**Exercise**. Copy the lines below word for word, skipping any image.

**Extracted entries**.
-------------------------
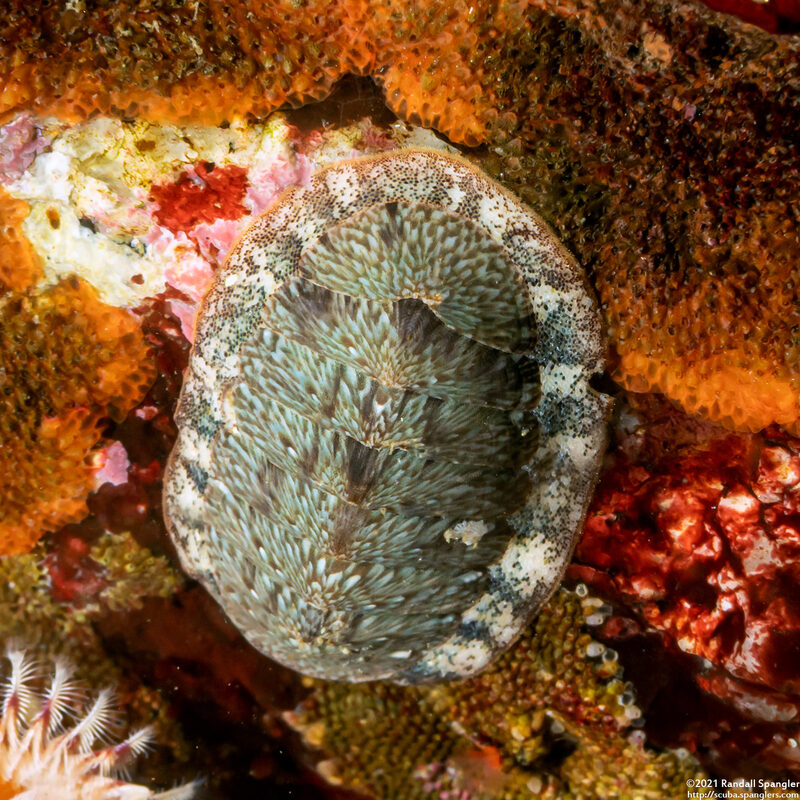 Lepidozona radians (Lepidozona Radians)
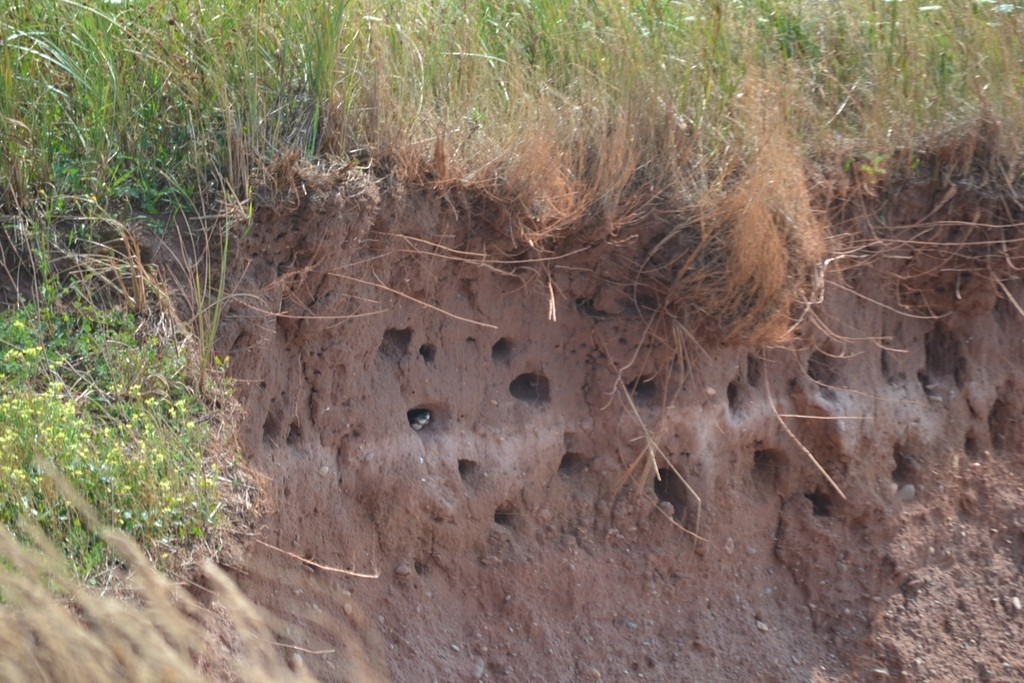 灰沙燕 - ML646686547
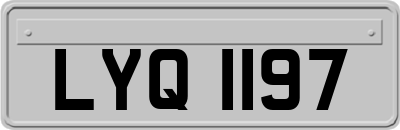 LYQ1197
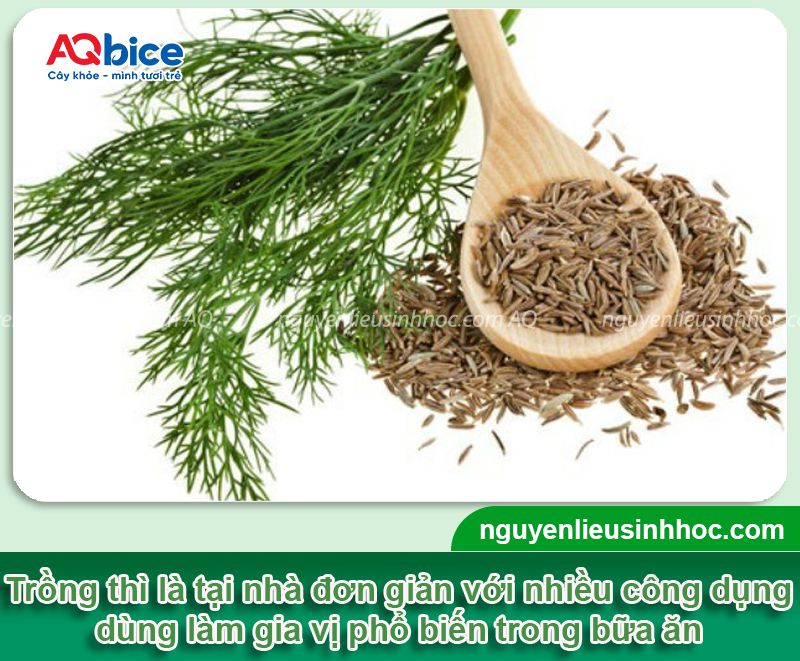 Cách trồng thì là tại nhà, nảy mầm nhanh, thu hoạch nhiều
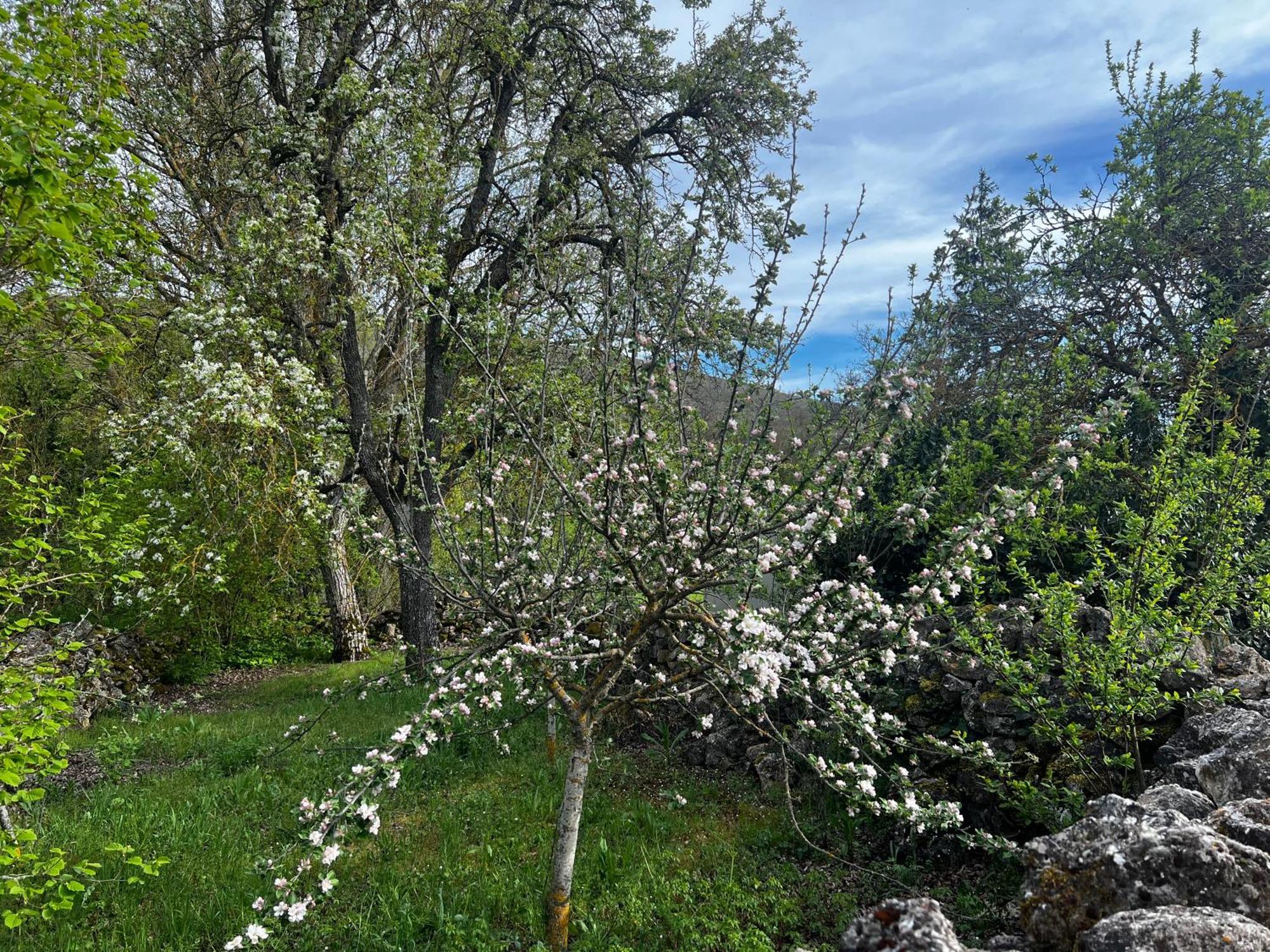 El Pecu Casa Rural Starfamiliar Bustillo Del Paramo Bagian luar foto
-------------------------
**Your response**.
 Lepidozona radians (Lepidozona Radians)
 灰沙燕 - ML646686547
 LYQ1197
 Cách trồng thì là tại nhà, nảy mầm nhanh, thu hoạch nhiều
 El Pecu Casa Rural Starfamiliar Bustillo Del Paramo Bagian luar foto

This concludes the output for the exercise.